The expected answer is the data below, printed verbatim without its pictures.

═════ GIVEN DATA ═════

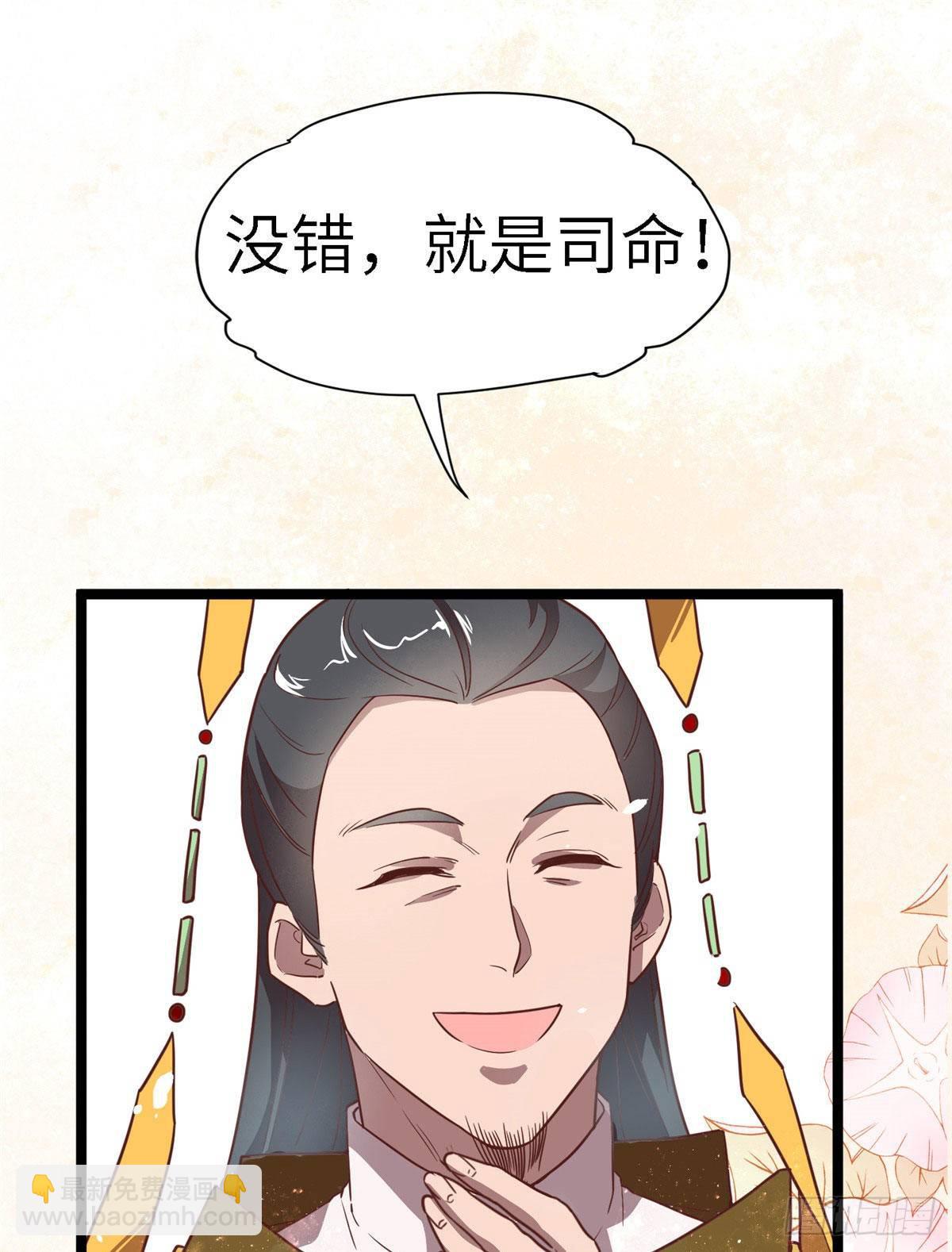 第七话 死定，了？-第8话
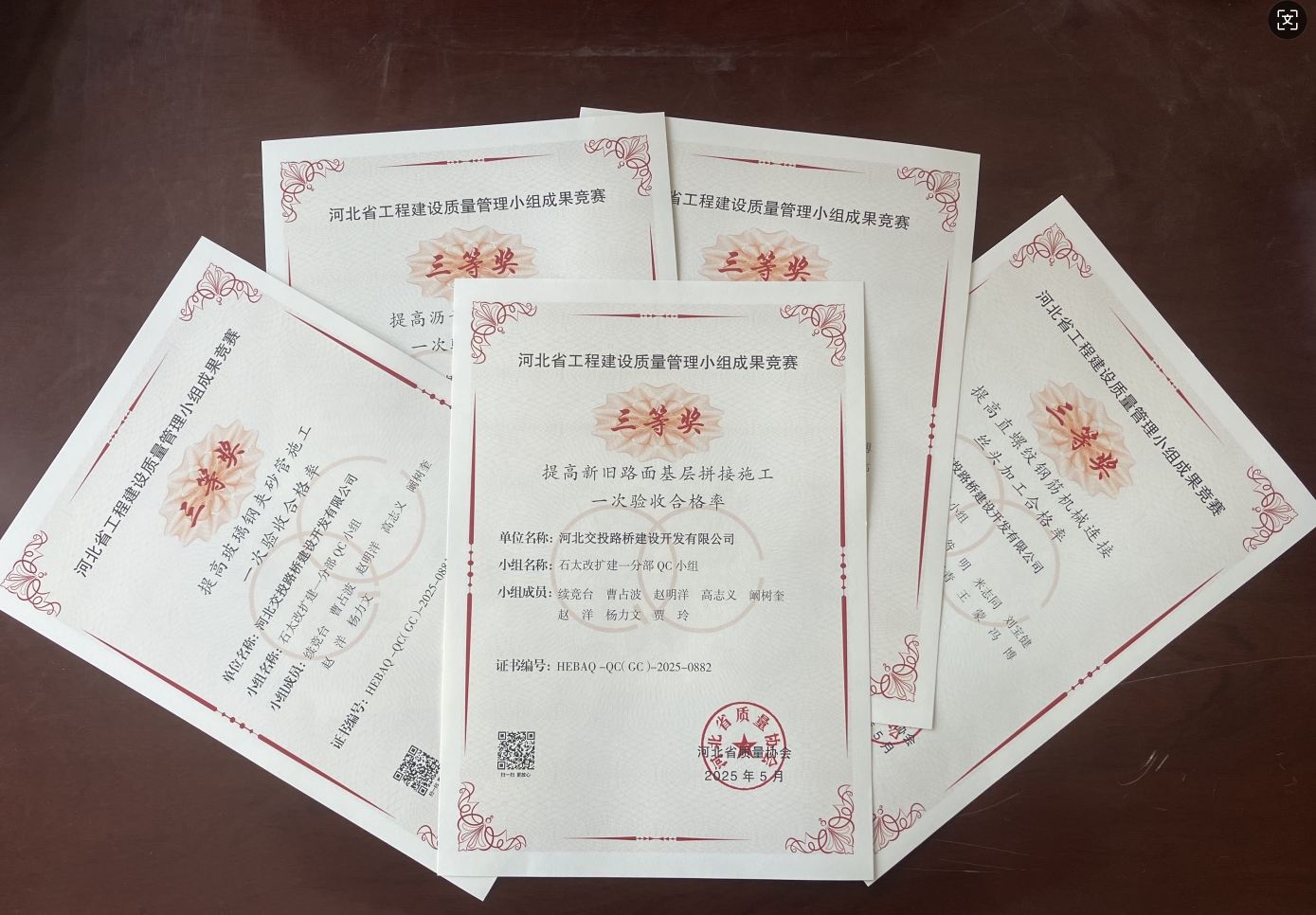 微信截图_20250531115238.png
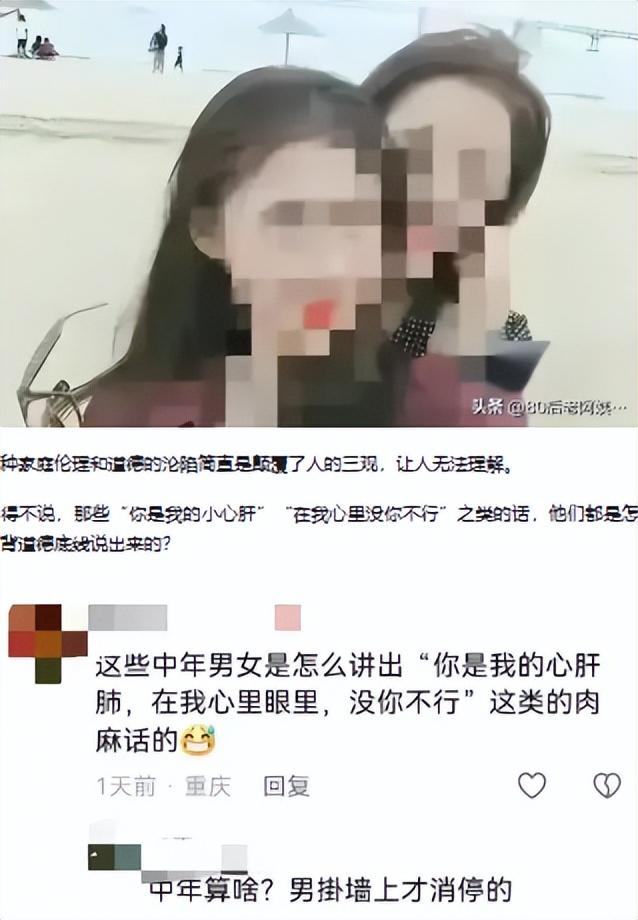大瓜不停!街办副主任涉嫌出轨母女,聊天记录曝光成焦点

═════

ANSWER TO THIS EXERCISE:
 第七话 死定，了？-第8话
 微信截图_20250531115238.png
大瓜不停!街办副主任涉嫌出轨母女,聊天记录曝光成焦点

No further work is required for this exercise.